Tunisie: Enseignement primaire | Après le report des examens du 1er trimestre - On s'inquiète pour l'avenir de nos enfants

24 Novembre 2022

Parviendra-t-on un jour à mettre fin à l'impunité dans tous les domaine ? Ce qui s'est passé dans l'enseignement de base avec la privation de plusieurs centaines de milliers d'élèves de leur droit universel à l'enseignement depuis le premier jour de la rentrée scolaire doit-il rester sans suite?
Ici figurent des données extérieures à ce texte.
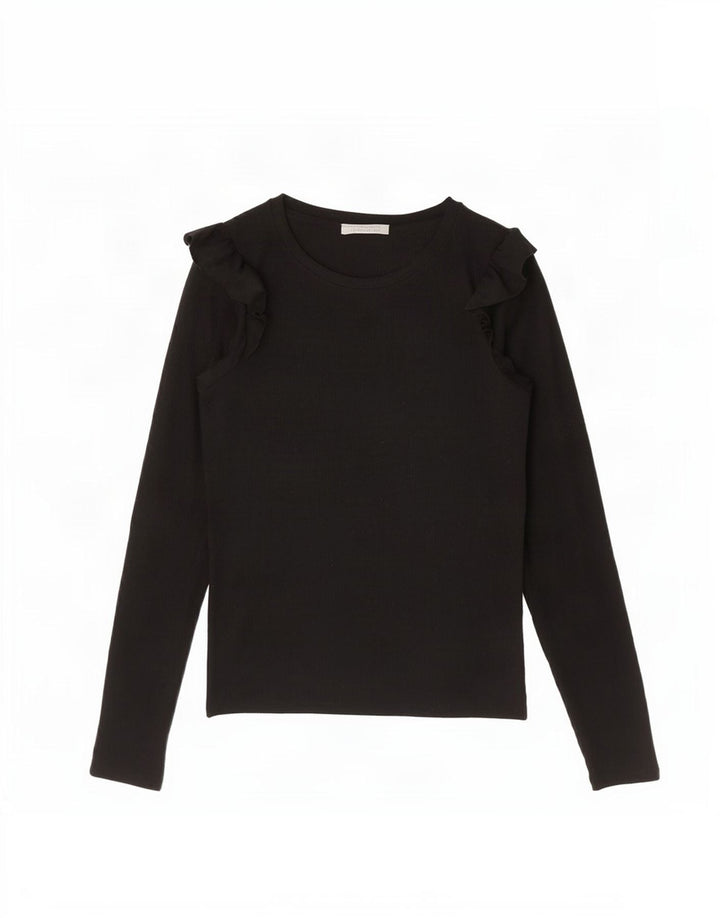 Zara Damen Trafaluc Top Langarm UK 12 Medium Schwarz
Faut-il banaliser de tels comportements au point d'en faire un tremplin pour tous ceux qui cherchent à réaliser des desseins inavoués en se servant de nos enfants comme bouclier humain ou comme otages? Ne faut-il pas, dès à présent, fixer ce qu'on appelle des lignes rouges à ne pas franchir sous peine de tomber sous le coup de la loi?

A vrai dire, ces nombreuses questions ne trouveront de réponses que si le pays arrive à se redresser et que l'autorité et la discipline sont, pleinement, restaurées. Aujourd'hui, chacun peut faire ce qu'il veut sans trop s'inquiéter des conséquences. Tels, ces politiciens qui s'en prennent, à tort ou à raison, à toute mesure prônée par l'Etat et qui n'épargnent aucun effort pour dénigrer le travail des responsables.

En outre, ces industriels qui soutiennent contre vents et marées qu'il faut augmenter le prix de tel ou tel produit et menacent d'en priver le marché n'usent-ils pas de méthodes dignes des lobbies ?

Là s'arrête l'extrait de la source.